This is the same president who was elected after the golpista or coup when a democratically elected president was overthrown.  The country is still divided sharply on this issue.  More recently he was in the news during his re-election when early reporting of the results indicated he was losing, but then there was silence and no returns for over a day, and he suddenly emerged with more votes.  In each case the United States has backed this mess, first with Hilary Clinton supporting the original coup and then with the Trump team backing the widely reported election fraud and his re-election.  The rationale:  he would help us in the drug and immigration wars.  The result:  not so much.

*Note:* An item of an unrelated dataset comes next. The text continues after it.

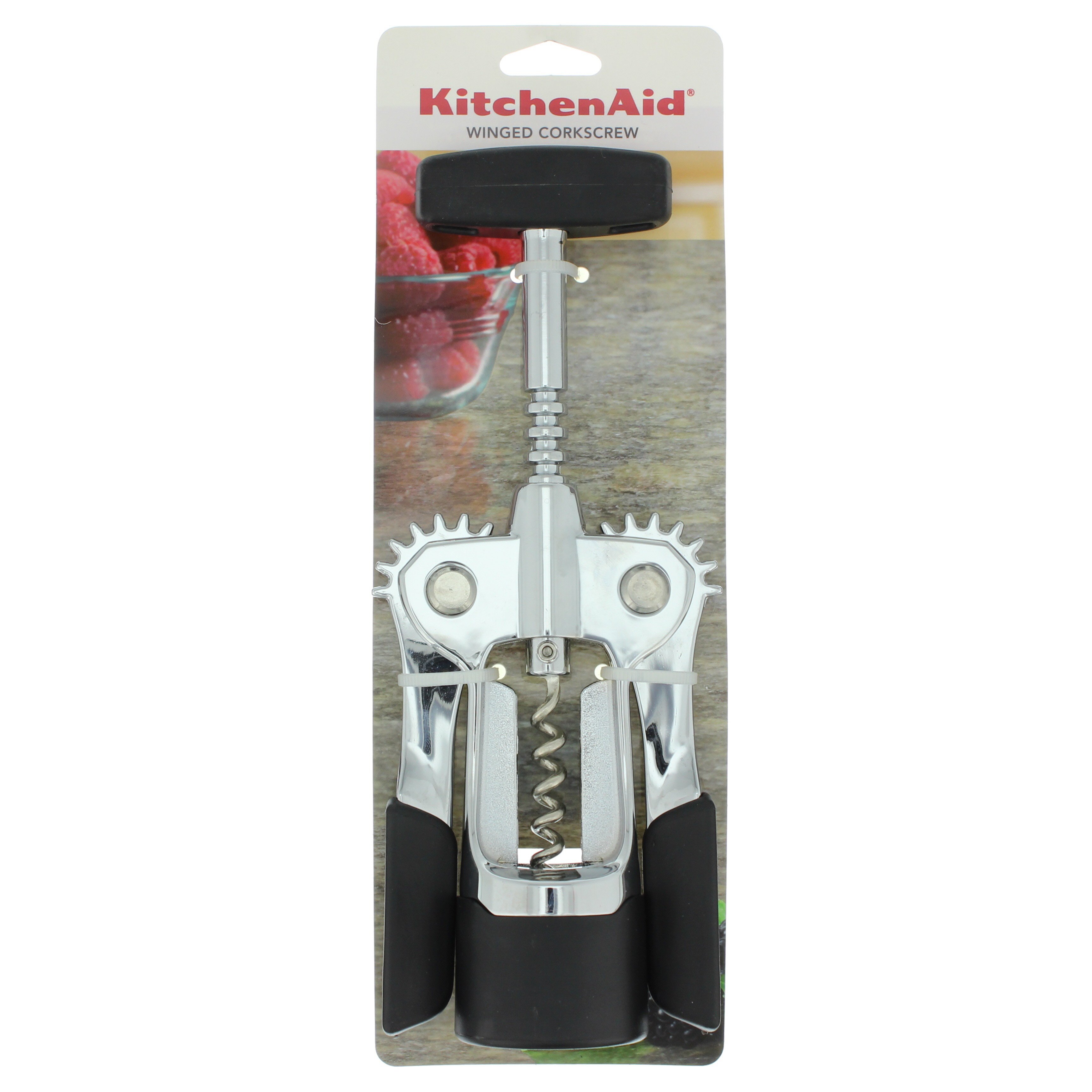 KitchenAid Black Winged Corkscrew Shop Kitchen & Dining at HEB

Corruption is corrosive.  We see it everywhere.  A surprising op-ed pointed out that most states, New York being the exception, do not make reporting graft and corruption a legal mandate for public employees.  That’s not whistleblowing.  That should be a plain and simple part of the job description of any public employee.

Logically, anyone with knowledge of a crime or participating in a coverup of a crime, as  we all know from a million television crime procedurals, is an accessory either before or after the fact.  Before, if they were helping in the heist by driving the car, standing watch, or any number of other things that facilitated the crime.  After, if they kept quiet, hid the criminal or the evidence, lied about it, or whatever.

When it’s graft or corruption and involves taking or stealing millions rather than robbing a neighborhood store or bodega for a couple of hundred, why is it different?  Why would one act put you in Rikers or your local jail and the other either gets you deniability as an “unindicted co-conspirator” or completely off the hook as someone who saw, but didn’t tell?

This would seem to be an easy legislative fix requiring reporting of all acts of corruption a worker either observed or knew about.  Stopping it at the local and state level, might also make it easier to stop at the national and global level as well, where we know it’s not just Honduras, Malaysia, and those “other” countries, but a problem in the good ol’ USA, too.